= Beginning of Section =

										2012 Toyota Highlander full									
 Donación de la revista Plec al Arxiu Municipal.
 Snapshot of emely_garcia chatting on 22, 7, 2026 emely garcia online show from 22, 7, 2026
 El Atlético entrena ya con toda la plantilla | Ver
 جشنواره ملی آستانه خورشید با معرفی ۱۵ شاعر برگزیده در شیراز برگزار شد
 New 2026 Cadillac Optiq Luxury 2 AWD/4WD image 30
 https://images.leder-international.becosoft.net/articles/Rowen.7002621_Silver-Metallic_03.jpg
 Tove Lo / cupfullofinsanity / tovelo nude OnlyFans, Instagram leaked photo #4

= End of Section =

DIRECTIONS
Recreate the listing exactly, so that each entry reads as before.

FINAL ANSWER
										2012 Toyota Highlander full									
 Donación de la revista Plec al Arxiu Municipal.
 Snapshot of emely_garcia chatting on 22, 7, 2026 emely garcia online show from 22, 7, 2026
 El Atlético entrena ya con toda la plantilla | Ver
 جشنواره ملی آستانه خورشید با معرفی ۱۵ شاعر برگزیده در شیراز برگزار شد
 New 2026 Cadillac Optiq Luxury 2 AWD/4WD image 30
 https://images.leder-international.becosoft.net/articles/Rowen.7002621_Silver-Metallic_03.jpg
 Tove Lo / cupfullofinsanity / tovelo nude OnlyFans, Instagram leaked photo #4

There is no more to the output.